Mr. Gabrah’s comments fly in the face of a standing government directive issued in 2012 that demands that all judgement debts and claims above GH¢10 million should be submitted to Cabinet for approval prior to settlement and payment.

The same guidelines provide that the Attorney-General “may settle claims up to an upper limit of GH¢ 10 million without the prior approval of Cabinet.”

However in an interview with Eyewitness News anchor Richard Dela Sky, Mr. Gabrah failed to state whether his attempt to help raise money to pay the GHc197 million Ghana cedi debt fully met the conditions precedent defined in the 2012 Cabinet directive.

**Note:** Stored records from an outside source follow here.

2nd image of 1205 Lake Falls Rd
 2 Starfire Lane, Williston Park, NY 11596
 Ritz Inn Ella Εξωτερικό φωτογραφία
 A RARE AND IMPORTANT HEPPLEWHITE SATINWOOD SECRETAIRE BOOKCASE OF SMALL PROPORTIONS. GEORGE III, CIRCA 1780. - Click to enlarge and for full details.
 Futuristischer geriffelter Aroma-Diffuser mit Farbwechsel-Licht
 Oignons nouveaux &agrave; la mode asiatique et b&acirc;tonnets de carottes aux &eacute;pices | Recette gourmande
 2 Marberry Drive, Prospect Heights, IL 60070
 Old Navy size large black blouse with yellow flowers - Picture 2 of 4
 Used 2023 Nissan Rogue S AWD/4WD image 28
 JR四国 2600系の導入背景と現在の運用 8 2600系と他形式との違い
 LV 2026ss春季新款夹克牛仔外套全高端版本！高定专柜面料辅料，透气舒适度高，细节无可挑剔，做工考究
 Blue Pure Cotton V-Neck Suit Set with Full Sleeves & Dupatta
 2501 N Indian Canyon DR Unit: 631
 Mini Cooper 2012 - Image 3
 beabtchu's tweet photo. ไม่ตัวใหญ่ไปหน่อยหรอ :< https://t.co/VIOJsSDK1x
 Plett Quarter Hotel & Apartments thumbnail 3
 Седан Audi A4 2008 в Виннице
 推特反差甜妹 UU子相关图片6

The Minister said other ministries and the Attorney General’s Department were duly informed about the contract before the said letter was signed.

“The action was known to those Ministers who needed to know them including the Minister of Finance and the Attorney General’s Department and they have received the responses of the Destination Inspection Companies (DICs). The letter was not written with secrets or confidential even stamped on it. It is open that is why some of you have gotten copies of them. There is nothing confidential about it,” he noted.

“If a Minister, writes on letter head it is a government decision, they are all part of the government. Even if a Chief Director or even government official at a lower level writes on government’s stationary, he is writing and committing the government to whatever he is writing. When a Minister is sworn into office, those are the powers he works with,” he added.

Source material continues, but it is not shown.